Earlier this year, the team I was on were asked to start doing 50 hour weeks to help get a game out the door -- the "rock-star" lead programmer resigned right there on the spot (he had been telling management for the entire project that the schedule was out by approx 2 months, and unless we corrected our deadlines we'd end up in this situation, and they'd been ignoring him), and I simply refused the request and started doing exactly 40 hours to make a point, and then also resigned a few weeks later. That company is now bleeding staff, and their game is still 2 months behind schedule anyway. If they'd simply admitted they screwed up and then moved the deadline, they'd still have all their senior staff and the game would be at the same stage of completion anyway. Completely stupid short-term thinking on their part...
Fuck crunch -- it's not productive. Someone coding 60 hours a week is less productive than someone doing 40 hours, that's a science fact. I don't want to have to fix the bugs caused by your fatigue, so go the fuck to sleep!

You employer doesn't own you unless you don't stand up for yourself. It's the people like you who let employers walk all over them (assuming you're at a large company) that instil this abusive culture in the workplaces of the rest of us, and allows incompetent managers to continually promise impossible schedules and budgets to publishers... Why should you be the one to pay when your management has screwed up the scheduling?
besides just hours (which are long) and lines of code (your average per week?), what aspects of the game are you tasked to accomplish per week? is it anything like finish a quarter of the game engine or implement a pathfinder?
Everywhere I've worked, I've been given tasks and asked for estimates. My own estimates are my deadlines -- if I think that re-writing the engine's texture loader will take 3 weeks, then my supervisor will expect it done in around 3 weeks, but will check in with me every week to see how it's progressing and get updated estimates. If I get 2 days into the task and realise I'll have it done this week, I'll let my supervisor know the good news, and likewise, if I hit some road-block that means that it's gonna take 2 months, I'll also let my supervisor know the new estimate and explain why/what's gone wrong.
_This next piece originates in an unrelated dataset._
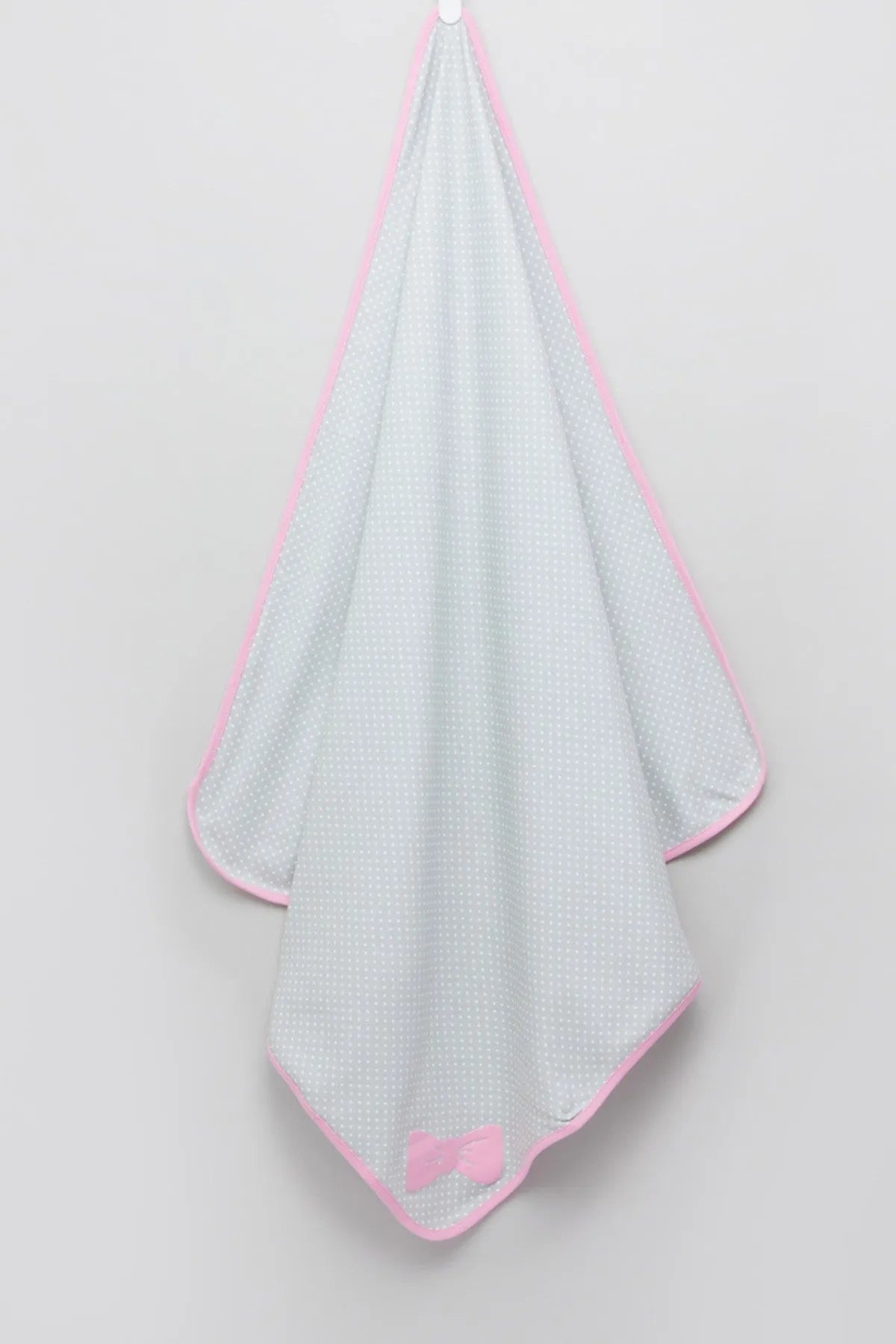 Baby blanket, white dotted with pink edging and bow at bottom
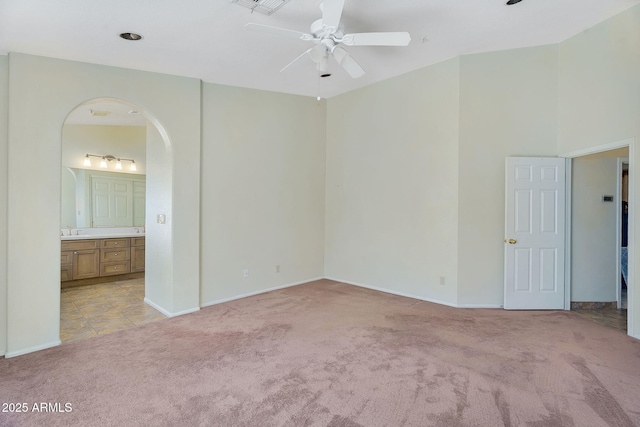 empty room featuring light colored carpet, arched walkways, ceiling fan, a sink, and a towering ceiling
I'm an experienced engine programmer, so I'm often given fairly large/difficult tasks, which span several months, and have to be broken into lots of sub-tasks by myself. The less experienced programmers are usually given smaller tasks, which their lead knows will only take them a day or so to complete, like: write a new shader, or add this new HUD item, or add random texture swapping to this monster.
N.B. even though you're working a 40 hour week, you should only be expected to do maybe 30 hours of work -- meetings, scrums, coffee breaks, random conversations, being bugged by some random artist as to why their model is broken and spontaneous brainstorming will eat up a lot of time, and a good lead will know this and schedule you with an appropriate amount of slack.

Lines-of-code-per-hour is a useless number. To illustrate, I was once given a horrible bug where, after 6 weeks of investigation, I finally found the cause, which was a single line of code. That's 240 hours to write a single line of code, but without that one line, the game wouldn't have been able to pass the QA tests and be shipped.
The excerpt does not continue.